Turkey's parliament approved a security and military deal with Libya's UN-supported government Saturday  on the heels of a controversial maritime agreement earlier this month that has drawn international ire.

The deal allows Turkey to provide military training and equipment at the request of the Libyan government that controls the capital, Tripoli, and some of the country's west.

Forces loyal to a rival government based in Libya's east opened a fierce new assault on the capital last week and on Friday, they gave the militias defending Tripoli a three-day deadline to pull out.

The self-styled Libyan National Army, led by commander Khalifa Hifter, has been trying to capture the capital since April. The battle lines have barely changed in recent months.

Heavy fighting has threatened to plunge the North African nation into another bout of violence rivaling the scale of the 2011 conflict, which ousted and killed longtime dictator Moammar Gadhafi.

The UN has criticized foreign interference in Libya amid the recent escalation in violence, and urged Libyans to return to political dialogue.

UN experts have also identified multiple cases of non-compliance with a UN arms embargo. They said the majority of transfers sent to Hifter's LNA were from Jordan or the United Arab Emirates, while the majority of arms sent to the Tripoli government came from Turkey.

Turkish President Recep Tayyip Erdogan signed the two agreements with Tripoli in November. He said Turkey could deploy troops to Libya upon request.

Turkish lawmakers now have given the green light to send military advisors , experts  and personnel to the conflict, if asked.

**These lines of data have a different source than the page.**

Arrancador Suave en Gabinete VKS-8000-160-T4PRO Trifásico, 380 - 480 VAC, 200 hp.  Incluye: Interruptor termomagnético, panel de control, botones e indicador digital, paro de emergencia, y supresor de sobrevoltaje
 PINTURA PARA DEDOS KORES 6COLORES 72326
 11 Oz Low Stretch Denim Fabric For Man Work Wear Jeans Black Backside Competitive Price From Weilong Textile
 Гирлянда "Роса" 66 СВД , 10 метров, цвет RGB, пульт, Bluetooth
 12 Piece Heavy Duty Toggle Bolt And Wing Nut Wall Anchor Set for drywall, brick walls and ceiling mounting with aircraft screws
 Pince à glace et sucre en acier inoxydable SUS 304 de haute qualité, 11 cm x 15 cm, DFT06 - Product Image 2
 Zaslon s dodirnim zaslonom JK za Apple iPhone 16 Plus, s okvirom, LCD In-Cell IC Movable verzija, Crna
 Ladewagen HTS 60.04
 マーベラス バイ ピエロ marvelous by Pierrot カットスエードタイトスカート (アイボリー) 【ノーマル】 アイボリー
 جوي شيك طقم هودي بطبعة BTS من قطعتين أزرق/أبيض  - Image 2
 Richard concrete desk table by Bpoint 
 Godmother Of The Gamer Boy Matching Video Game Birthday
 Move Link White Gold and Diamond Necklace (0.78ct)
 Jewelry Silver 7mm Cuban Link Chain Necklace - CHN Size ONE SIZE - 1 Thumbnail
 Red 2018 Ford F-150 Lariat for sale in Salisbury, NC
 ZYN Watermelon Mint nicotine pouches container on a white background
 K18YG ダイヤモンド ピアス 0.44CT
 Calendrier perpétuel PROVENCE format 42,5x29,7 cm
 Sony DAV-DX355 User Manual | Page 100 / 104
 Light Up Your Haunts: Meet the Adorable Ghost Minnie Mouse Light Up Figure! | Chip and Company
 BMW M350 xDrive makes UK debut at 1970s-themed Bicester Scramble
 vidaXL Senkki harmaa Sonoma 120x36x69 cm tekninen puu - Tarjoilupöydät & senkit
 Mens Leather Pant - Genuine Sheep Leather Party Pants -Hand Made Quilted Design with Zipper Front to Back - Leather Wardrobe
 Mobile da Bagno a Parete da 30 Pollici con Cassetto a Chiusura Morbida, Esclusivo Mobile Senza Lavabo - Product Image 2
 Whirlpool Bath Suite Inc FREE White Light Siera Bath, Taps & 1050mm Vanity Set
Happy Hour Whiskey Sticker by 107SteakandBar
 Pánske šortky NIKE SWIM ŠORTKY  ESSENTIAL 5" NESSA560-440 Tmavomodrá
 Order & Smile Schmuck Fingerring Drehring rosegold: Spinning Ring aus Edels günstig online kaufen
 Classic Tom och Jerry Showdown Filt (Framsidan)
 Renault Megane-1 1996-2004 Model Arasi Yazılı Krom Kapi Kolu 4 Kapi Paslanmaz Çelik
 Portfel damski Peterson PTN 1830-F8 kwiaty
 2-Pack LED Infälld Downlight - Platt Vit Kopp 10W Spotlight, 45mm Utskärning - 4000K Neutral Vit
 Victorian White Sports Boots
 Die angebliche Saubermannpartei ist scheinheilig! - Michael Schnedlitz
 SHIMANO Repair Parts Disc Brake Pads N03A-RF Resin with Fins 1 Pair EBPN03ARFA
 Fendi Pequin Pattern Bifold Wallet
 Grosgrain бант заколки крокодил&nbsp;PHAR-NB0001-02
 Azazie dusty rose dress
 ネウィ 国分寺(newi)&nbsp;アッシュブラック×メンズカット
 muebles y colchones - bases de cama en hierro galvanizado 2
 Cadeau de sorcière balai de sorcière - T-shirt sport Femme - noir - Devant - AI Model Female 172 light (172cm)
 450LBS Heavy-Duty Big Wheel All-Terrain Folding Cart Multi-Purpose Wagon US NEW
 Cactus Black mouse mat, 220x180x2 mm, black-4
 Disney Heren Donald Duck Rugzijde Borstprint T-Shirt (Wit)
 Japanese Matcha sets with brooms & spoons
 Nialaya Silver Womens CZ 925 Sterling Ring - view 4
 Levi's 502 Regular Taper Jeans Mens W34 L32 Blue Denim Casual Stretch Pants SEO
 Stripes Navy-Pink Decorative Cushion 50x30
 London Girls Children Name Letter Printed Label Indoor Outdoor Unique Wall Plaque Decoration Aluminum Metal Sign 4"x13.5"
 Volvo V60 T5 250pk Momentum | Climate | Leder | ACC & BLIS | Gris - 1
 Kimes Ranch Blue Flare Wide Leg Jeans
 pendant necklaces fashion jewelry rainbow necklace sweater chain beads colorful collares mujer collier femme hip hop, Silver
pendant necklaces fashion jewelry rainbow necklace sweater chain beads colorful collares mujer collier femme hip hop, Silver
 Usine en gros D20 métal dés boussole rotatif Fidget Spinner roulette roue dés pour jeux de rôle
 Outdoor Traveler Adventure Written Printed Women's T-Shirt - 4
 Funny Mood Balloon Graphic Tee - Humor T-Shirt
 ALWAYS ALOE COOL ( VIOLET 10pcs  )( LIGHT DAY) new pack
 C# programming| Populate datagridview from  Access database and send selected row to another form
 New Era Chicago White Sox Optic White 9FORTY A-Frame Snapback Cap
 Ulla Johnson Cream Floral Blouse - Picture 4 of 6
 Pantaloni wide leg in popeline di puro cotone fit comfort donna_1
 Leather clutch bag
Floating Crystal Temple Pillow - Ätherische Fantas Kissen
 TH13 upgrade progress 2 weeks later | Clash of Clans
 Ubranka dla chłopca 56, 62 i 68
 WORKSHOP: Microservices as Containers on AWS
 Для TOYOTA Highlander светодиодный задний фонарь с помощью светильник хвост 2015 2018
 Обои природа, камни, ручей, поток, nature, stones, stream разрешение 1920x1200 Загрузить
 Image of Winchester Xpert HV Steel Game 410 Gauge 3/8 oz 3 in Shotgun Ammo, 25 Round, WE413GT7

Ankara could also send weapons and military vehicles, conduct military training, joint exercises and share intelligence.

The separate maritime boundary agreement, signed into law earlier this month, could give Turkey access to a contested economic zone across the eastern Mediterranean Sea.

The deal has added tension to Turkey's ongoing dispute with Greece, Cyprus and Egypt over oil and gas drilling rights in the eastern Mediterranean.

Speaking before the vote, parliamentarians from the ruling party argued the deal would aid the "legitimate government" in Tripoli, ensuring Libya's stability and Turkey's interests in the eastern Mediterranean.

Opposition Republican People's Party legislator Unal Cevikoz said the agreement amounted to meddling in Libya's internal affairs, violating a UN arms embargo and further destabilizing the country by "adding fuel to fire in Libya." He said the deal was against Turkey's interests and created the possibility of putting Turkish troops at risk.

"Do you want to protect the interests of our country? Then don't be party to the war in Libya. Don't send weapons and fighters to Libya," Cevikoz said.

Besides Turkey, the Tripoli-based government is by backed Italy and Qatar.

The eastern government is supported by France Russia, Jordan, the UAE and other key Arab countries.

Libyan and US officials have accused Russia of deploying fighters through a private security contractor, the Wagner Group, to fight alongside with Hifter's forces. Moscow has repeatedly denied any role in the fighting.